Haftanın Kitaplığı – 9 Ekim 2023

Okuyacak çok kitap var seçmek zor diyorsanız yeni çıkan kitaplar arasından yaptığımız derlemeye göz atabilirsiniz

Mektub

Yazar: Paulo Coelho

Çevirmen: Özdemir İnce

Yayınevi: Can Yayınları

“Türkiye’den geliyorum,” dedi üstada adam. “Bu yolculuğu size bir tek soru sormak için yaptım.”

Yaşlı adam ona şaşkınlıkla baktı:

“Çok güzel. Bana tek bir soru sorabilirsiniz.”

“Size soracağım soruyu açık seçik sormalıyım. Sorumu Türkçe sorabilir miyim?”

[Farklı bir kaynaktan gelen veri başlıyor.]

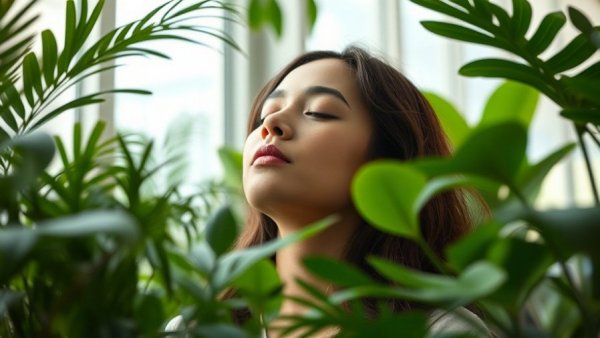 Woman letting go for inner calm, surrounded by lush indoor plants.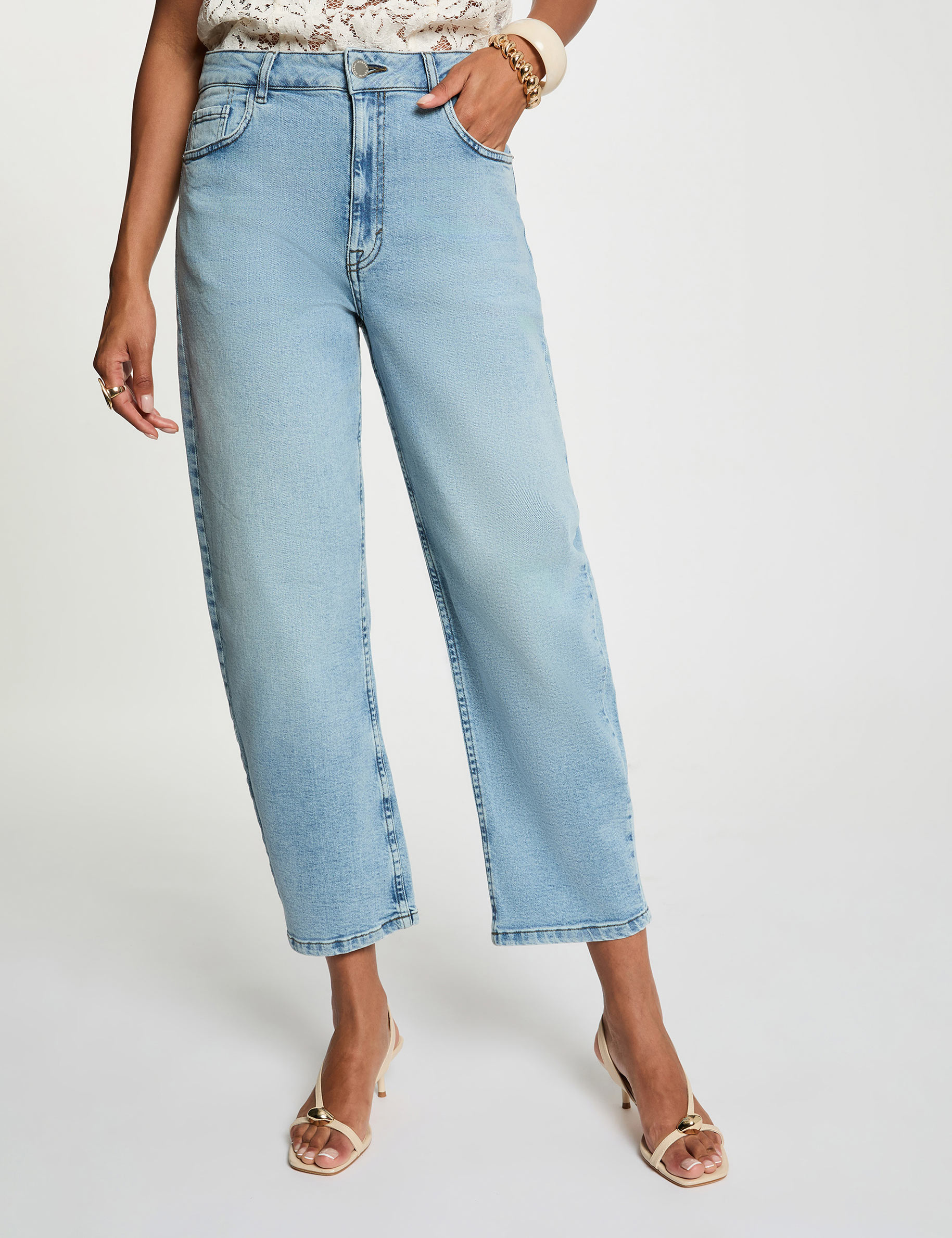 dubbel stone washed denim vrouw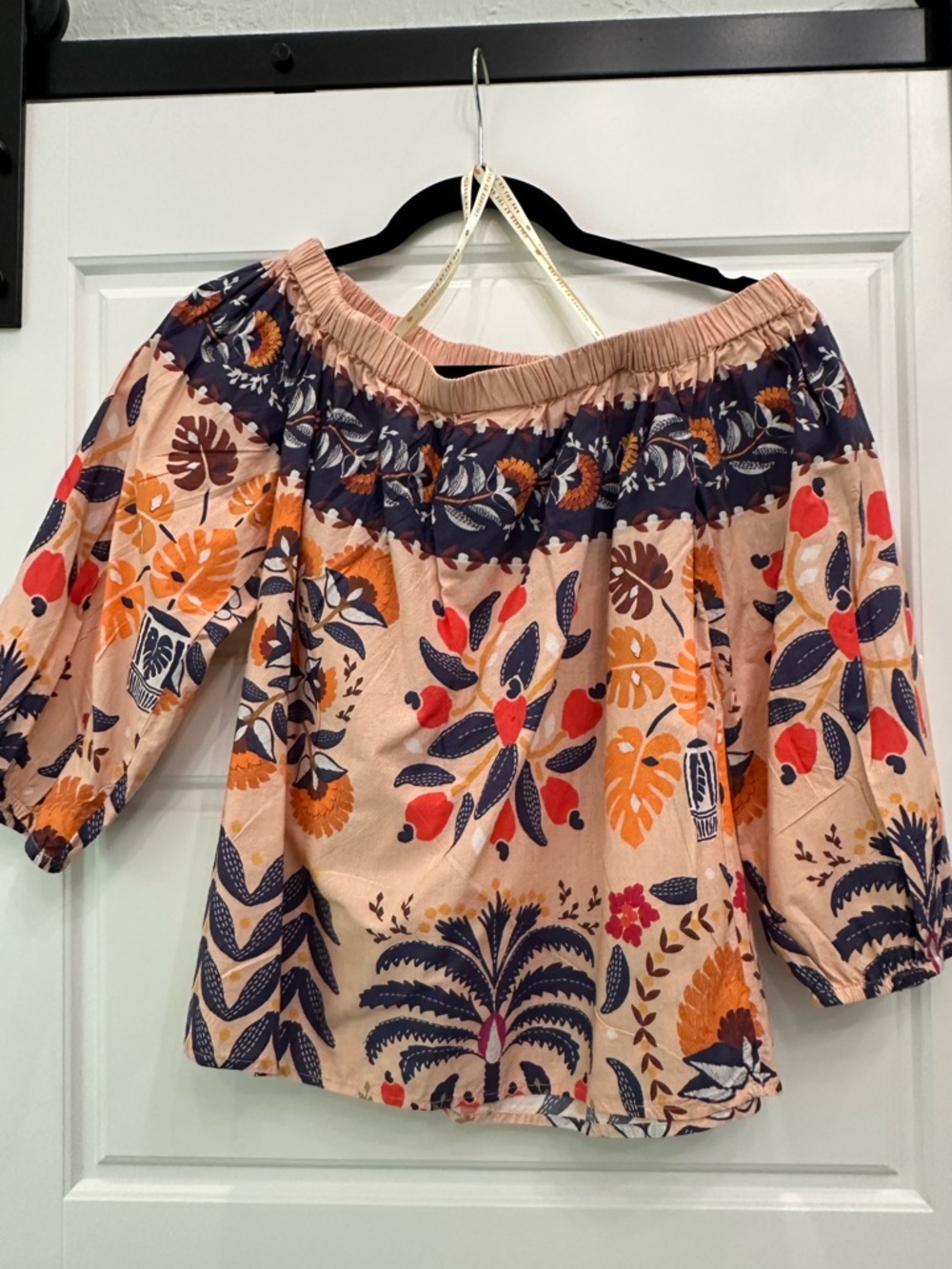 FARM Rio Peach Off-Shoulder Floral Blouse with Navy & Orange Accents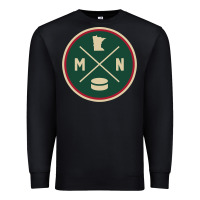 Black Classic Minnesota Hockey MN Outline Pullover Hoodie Premium Sweatshirt - maiPhamDesign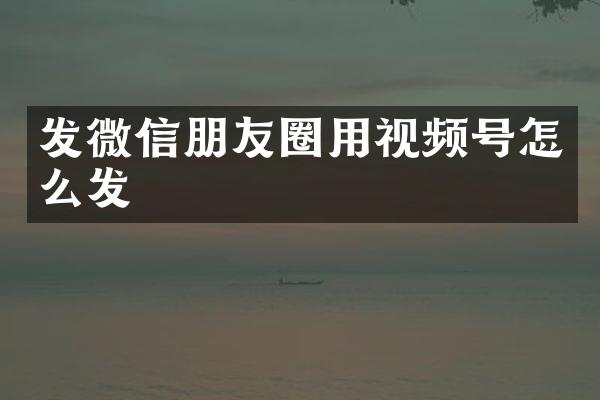 发微信朋友圈用视频号怎么发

“Sorabilirsiniz,” diye yanıtladı bilge. “Tek sorunuzu yanıtlamış bulunuyorum. Başka bir şey öğrenmek istiyorsanız, onu yüreğinize sorun, sizi yanıtlayacaktır.”

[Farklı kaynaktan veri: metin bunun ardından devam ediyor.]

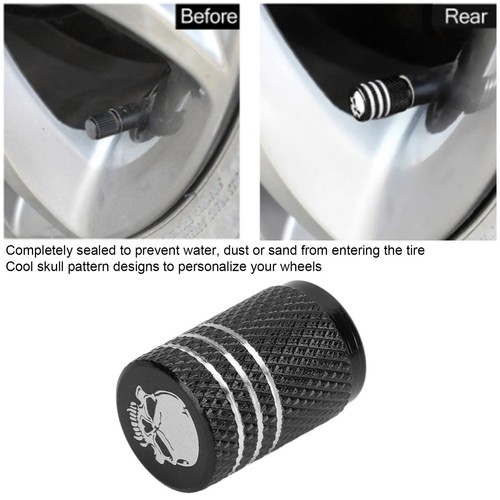 Tire Stem Valve Caps Skull Pattern Precision Thread Wheel Valve Covers For SUVs - Picture 24 of 24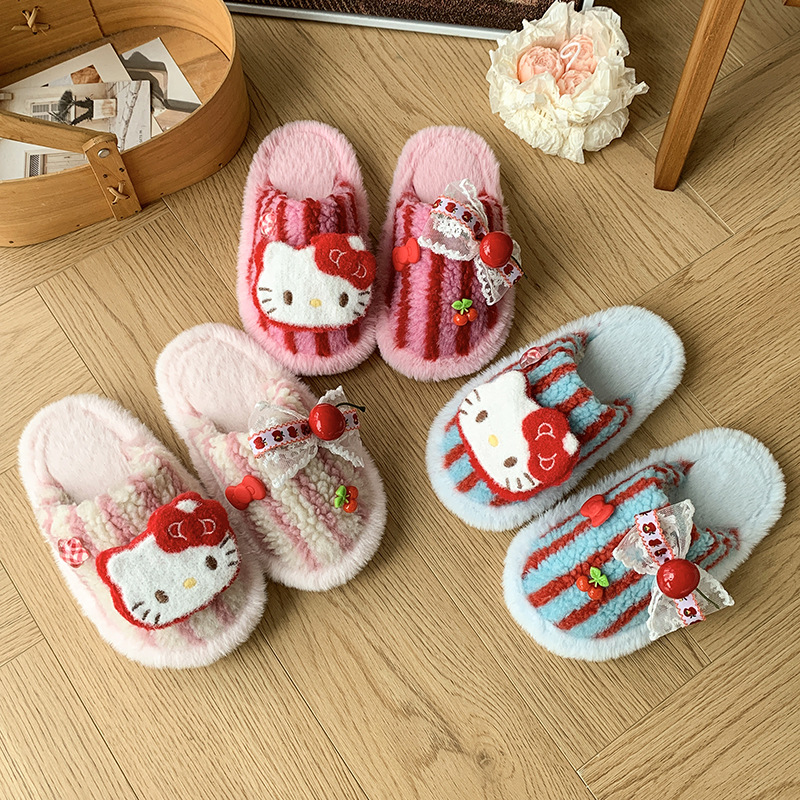 Dopamine Color Matching Cute Cartoon Kitten Children's Furry Shoes Women's Autumn and Winter New Girl's Heart Toe Cotton Slippers Wholesale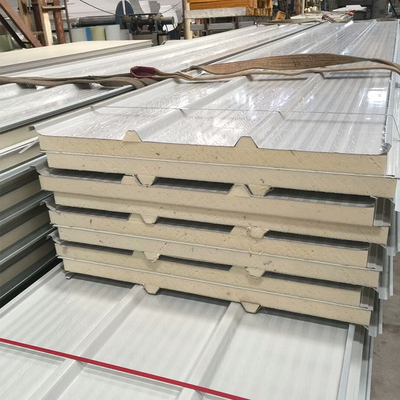 Modern Double Side Metal Facing PU Sandwich Roof Panels For Buildings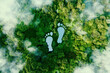 Leinwandbild Motiv A lake in the shape of human footprints in the middle of a lush forest as a metaphor for the impact of human activity on the landscape and nature in general. 3d rendering.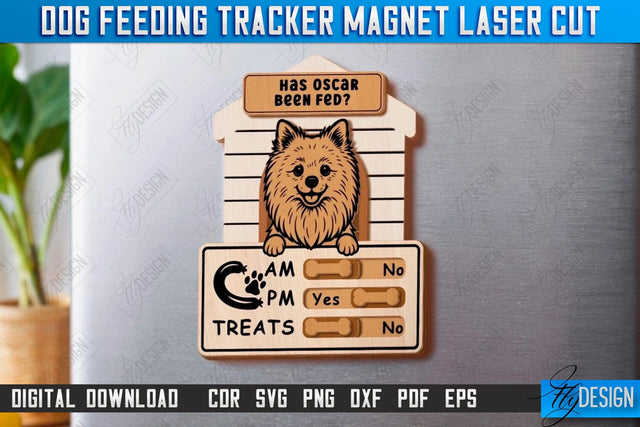 Dog Feeding Tracker Magnet Laser Cut | Reminder Magnets with Sliders | Pets SVG | CNC File SVG Fly Design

Paulo Coelho Mektub’da farklı kültürlerin gözünden rengârenk bir deneyim hazinesi sunuyor. Coelho’nun ifadesiyle, “Mektub bir tavsiye kitabı olmaktan ziyade tecrübeleri aktarmayı amaçlıyor.”Sözlü anlatının her türlü kaynağından köken ayırt etmeden beslenen bu duru metinler okura hem dünyevi karmaşanın ortasında soluklanma hem de kendini daha yakından tanıma fırsatı veriyor.

Kırık Nisan

Yazar: İsmail Kadare

Yayınevi: Jaguar Kitap

Arnavutluk dağlarında yüzyıllardır hüküm süren Kanun ve töreye uyarak ağabeyinin katilini öldürüp intikamını alan Corg Berişa, artık bir sonraki kurban konumuna düşmüştür. Kan parasını ödemek şartıyla bir aylık dokunulmazlık elde etmek için Kanun’un idari merkezine doğru yollara düşer. Bu sırada bir Kanun araştırmacısı olan ünlü yazar Besian Vorpsi ve karısı Diana, balayı için başkentten dağlara, âdeta zamanın dışında yaşayanların dünyasına gelmiştir.  Görünüşte birbirleriyle hiç ilgisi olmayan bu üç insanın yolları kesişir. 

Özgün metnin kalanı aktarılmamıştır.